A poorly structured culture of vaccination as a preventive measure is especially specific for Romania, Lithuania, Poland, and Hungary, in the New Member States of the EU, and Italy and Greece from the Old EU. It is in these countries that there is a lower probability of being before vaccinated as an adult for other illnesses, controlling for socio-demographic factors (gender, age, education urban, or rural residence). On the positive extreme, with a high effect on being vaccinated as an adult, irrespective of disease is Portugal. (Results of regression analysis that are not presented here.)

The H5a assumption holds that residency in the Old EU Member States favoured a higher likelihood of adopting a positive attitude towards the vaccination against C19. The descriptive data, to which we have already referred, confirmed this expectation.

The gap between Old and New Member States of the EU, in terms of pro-vaccination orientation, has multiple sources. Trust in institutions, for example, that are relevant for the vaccination against C19 is systematically higher in the Old Member States (Table 4), except in France. The quality of the institutions that provide the context for anti-C19 vaccination comes, very likely, from the long history of the survival of the low-quality of institutions for the former communist states of the EU (Mishler and Rose, 2001). Social development as measured by life expectancy at birth is also, systematically higher in the Old Member States, with a variation between 81 and 83 years old, in 2021, versus the New Member States with a life expectancy between 71 and 77 years old, according to EUROSTAT sources. The only exception from this point of view is Slovenia, a New Member State, which has a life expectancy that is equal to the value of the index for Germany (81 years old), in 2021. Low life expectancy goes together with lower quality of the health system and higher morbidity rates. Economically, all the New Member States had a gross domestic product (GDP) per capita below the EU average (EUROSTAT data for 2019, not mentioned here). By contrast, 10 out of 14 Old Member States had a GDP per capita higher than the EU average. These are only examples of development gaps between New and Old Member States that could be relevant to population attitudes and behaviours related to vaccination against C19.
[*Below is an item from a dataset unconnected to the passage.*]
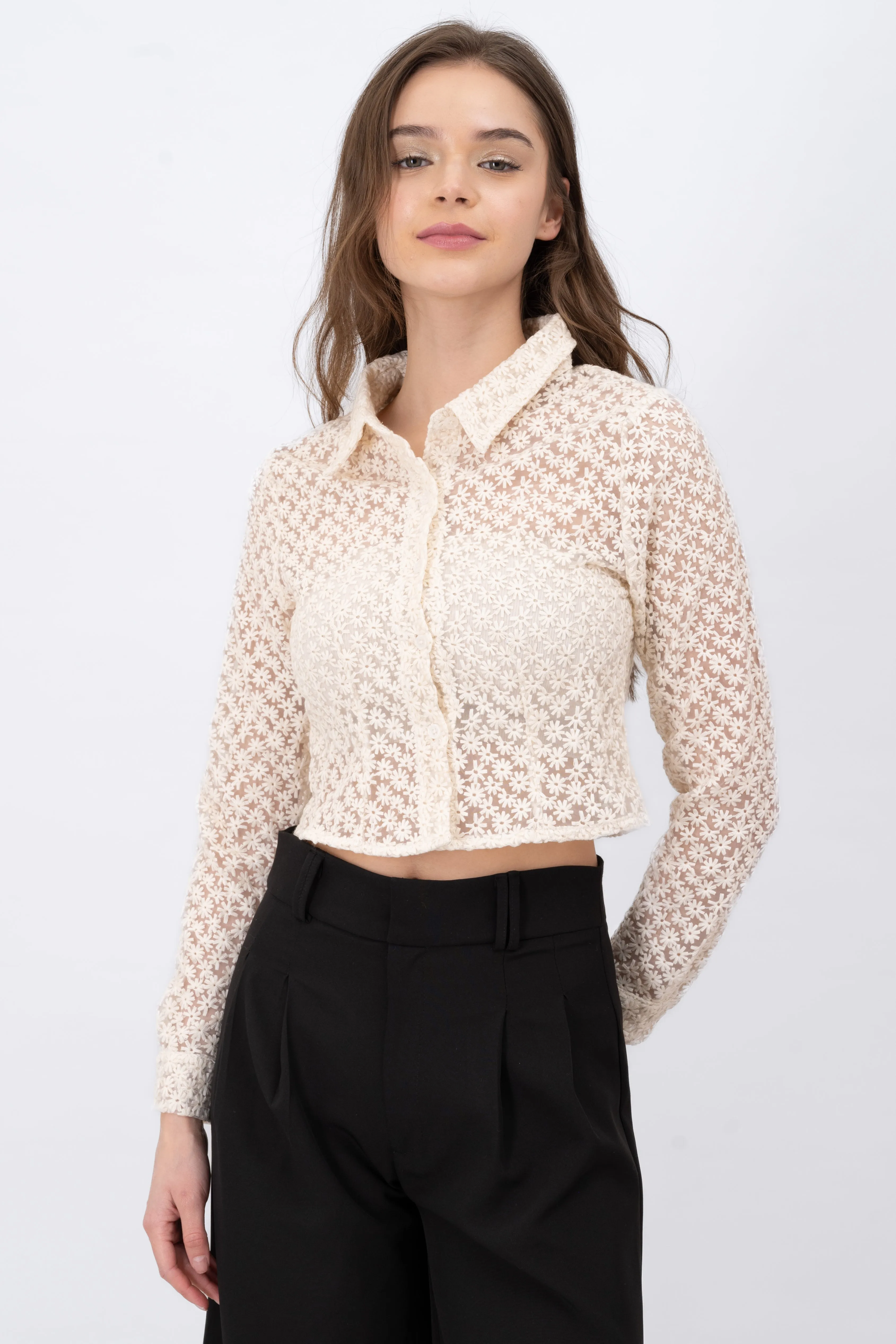 Camisa De Manga Larga Con Detalle De Flores sold by Shasa product image thumbnail 2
H5a is also supported by data at the individual level, in multilevel analysis. In Table 3 we present, in simplified form, a picture of the countries for which we have recorded, with data at an individual level, a significant impact of the country of residence on the personal orientation in terms of anti-C19 vaccination. All the eight countries for which there is a positive and significant effect on the intention to vaccinate soon are in the category of the Old EU Member States. The model of adopting the vaccine in the past, until mid-2021, was specific for Germany–Ireland–Belgium, Austria–France and Hungary–Romania. The cultural model of refusing C-19 vaccination is specific to three Eastern European countries (the Czech Republic, Croatia, and Bulgaria) and Greece.

Table 3.

Specific patterns of vaccination behaviours and intentions.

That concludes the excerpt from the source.